## Task description:
Write out again only the lines that run from the start of the entries to the line containing "Forged Carbon Fiber", both included.
——
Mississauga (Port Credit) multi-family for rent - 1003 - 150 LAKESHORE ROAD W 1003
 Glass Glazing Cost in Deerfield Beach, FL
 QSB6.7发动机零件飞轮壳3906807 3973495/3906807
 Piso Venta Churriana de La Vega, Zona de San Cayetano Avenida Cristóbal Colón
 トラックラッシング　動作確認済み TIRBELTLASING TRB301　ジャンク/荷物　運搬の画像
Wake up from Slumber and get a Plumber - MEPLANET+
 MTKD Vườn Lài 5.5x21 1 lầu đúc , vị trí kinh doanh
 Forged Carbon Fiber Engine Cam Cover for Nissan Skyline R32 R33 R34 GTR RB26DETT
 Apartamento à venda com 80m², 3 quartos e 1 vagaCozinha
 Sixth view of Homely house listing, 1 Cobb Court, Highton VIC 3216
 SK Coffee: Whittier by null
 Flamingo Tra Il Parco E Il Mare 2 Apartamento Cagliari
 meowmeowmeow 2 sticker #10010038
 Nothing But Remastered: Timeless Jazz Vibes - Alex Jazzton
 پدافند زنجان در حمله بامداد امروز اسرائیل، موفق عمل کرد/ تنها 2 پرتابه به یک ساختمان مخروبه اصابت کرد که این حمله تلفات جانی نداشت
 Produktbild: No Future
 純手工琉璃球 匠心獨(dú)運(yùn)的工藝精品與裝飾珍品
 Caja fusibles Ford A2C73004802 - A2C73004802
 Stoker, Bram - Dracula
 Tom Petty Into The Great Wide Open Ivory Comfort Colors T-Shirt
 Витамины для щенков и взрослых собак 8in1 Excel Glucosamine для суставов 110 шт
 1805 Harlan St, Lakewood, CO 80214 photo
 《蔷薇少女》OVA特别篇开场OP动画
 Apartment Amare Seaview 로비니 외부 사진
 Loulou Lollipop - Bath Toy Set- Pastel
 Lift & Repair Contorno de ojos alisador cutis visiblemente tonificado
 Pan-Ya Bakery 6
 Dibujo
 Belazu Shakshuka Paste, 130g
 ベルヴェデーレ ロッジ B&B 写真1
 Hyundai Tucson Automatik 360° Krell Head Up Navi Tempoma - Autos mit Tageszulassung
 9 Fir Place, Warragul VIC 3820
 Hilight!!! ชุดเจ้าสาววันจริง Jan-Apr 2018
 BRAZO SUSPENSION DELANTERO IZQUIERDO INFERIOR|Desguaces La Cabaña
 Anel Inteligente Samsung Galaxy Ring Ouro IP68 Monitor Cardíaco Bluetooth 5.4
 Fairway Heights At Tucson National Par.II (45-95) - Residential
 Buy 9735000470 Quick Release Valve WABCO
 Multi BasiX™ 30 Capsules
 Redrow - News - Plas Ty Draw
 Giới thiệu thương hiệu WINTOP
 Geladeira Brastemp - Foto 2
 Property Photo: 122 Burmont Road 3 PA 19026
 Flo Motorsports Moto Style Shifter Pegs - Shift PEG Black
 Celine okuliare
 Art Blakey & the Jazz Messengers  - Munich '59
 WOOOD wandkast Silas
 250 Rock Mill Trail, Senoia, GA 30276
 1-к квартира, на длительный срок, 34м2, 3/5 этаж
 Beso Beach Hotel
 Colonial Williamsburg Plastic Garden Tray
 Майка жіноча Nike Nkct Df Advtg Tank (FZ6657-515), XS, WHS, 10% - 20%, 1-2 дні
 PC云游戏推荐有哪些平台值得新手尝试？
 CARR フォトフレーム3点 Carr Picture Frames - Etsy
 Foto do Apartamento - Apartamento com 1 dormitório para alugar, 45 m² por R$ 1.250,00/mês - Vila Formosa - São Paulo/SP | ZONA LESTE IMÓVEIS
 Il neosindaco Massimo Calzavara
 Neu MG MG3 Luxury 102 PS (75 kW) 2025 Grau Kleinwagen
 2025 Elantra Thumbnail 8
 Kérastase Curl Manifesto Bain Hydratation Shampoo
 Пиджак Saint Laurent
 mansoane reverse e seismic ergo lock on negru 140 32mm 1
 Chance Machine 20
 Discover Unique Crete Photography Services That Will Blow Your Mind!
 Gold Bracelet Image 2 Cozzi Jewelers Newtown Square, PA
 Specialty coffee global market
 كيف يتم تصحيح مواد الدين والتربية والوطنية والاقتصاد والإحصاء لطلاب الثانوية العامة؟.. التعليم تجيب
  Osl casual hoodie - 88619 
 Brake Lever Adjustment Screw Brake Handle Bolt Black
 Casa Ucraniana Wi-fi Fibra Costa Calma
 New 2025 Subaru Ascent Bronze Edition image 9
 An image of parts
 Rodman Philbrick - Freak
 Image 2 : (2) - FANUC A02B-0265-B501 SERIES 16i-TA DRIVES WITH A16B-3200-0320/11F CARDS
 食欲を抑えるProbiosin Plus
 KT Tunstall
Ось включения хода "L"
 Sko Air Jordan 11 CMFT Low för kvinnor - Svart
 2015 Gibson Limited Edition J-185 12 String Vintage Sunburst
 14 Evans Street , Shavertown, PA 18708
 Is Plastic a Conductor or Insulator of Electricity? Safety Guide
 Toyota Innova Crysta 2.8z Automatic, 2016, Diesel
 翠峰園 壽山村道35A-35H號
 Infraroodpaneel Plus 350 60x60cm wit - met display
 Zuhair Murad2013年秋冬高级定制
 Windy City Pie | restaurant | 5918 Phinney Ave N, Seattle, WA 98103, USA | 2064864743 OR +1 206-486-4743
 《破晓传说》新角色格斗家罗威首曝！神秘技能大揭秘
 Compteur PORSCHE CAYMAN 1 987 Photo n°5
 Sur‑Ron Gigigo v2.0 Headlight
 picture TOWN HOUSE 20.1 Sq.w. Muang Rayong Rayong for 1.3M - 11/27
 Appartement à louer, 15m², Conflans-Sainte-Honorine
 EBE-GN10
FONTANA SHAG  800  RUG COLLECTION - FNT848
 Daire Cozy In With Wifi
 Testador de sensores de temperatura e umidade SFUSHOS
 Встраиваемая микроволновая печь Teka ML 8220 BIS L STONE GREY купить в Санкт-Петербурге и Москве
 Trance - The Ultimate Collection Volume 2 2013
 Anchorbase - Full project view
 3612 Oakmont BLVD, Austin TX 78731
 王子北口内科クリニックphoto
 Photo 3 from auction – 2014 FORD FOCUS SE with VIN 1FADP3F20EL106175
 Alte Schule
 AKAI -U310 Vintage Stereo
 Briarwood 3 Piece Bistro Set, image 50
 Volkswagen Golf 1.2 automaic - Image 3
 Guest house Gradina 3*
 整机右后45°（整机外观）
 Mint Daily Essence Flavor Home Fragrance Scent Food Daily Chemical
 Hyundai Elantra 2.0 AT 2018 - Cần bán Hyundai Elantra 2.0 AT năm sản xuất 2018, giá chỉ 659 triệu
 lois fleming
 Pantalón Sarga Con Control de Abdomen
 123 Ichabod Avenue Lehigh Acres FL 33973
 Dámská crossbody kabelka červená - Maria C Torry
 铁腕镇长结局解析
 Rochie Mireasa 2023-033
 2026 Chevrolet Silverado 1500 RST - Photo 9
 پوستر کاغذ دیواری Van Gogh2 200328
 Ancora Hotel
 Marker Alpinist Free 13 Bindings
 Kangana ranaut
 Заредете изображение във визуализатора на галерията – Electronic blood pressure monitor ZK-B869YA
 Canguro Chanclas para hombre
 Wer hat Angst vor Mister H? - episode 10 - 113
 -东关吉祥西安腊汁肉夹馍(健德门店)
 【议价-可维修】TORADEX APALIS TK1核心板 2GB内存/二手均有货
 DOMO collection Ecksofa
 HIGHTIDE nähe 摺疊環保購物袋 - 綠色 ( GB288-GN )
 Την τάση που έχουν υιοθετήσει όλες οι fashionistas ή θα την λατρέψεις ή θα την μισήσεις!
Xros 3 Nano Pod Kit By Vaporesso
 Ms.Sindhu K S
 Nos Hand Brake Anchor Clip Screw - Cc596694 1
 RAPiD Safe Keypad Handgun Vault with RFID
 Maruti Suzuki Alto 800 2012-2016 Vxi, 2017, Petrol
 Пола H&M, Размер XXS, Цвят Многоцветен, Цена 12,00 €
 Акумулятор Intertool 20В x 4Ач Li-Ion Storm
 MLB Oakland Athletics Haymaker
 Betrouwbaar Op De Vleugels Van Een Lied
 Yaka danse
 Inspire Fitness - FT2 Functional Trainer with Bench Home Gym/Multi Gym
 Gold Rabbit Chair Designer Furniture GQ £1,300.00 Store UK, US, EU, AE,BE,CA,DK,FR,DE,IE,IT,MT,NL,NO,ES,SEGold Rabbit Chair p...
——
## Written solution:
Mississauga (Port Credit) multi-family for rent - 1003 - 150 LAKESHORE ROAD W 1003
 Glass Glazing Cost in Deerfield Beach, FL
 QSB6.7发动机零件飞轮壳3906807 3973495/3906807
 Piso Venta Churriana de La Vega, Zona de San Cayetano Avenida Cristóbal Colón
 トラックラッシング　動作確認済み TIRBELTLASING TRB301　ジャンク/荷物　運搬の画像
Wake up from Slumber and get a Plumber - MEPLANET+
 MTKD Vườn Lài 5.5x21 1 lầu đúc , vị trí kinh doanh
 Forged Carbon Fiber Engine Cam Cover for Nissan Skyline R32 R33 R34 GTR RB26DETT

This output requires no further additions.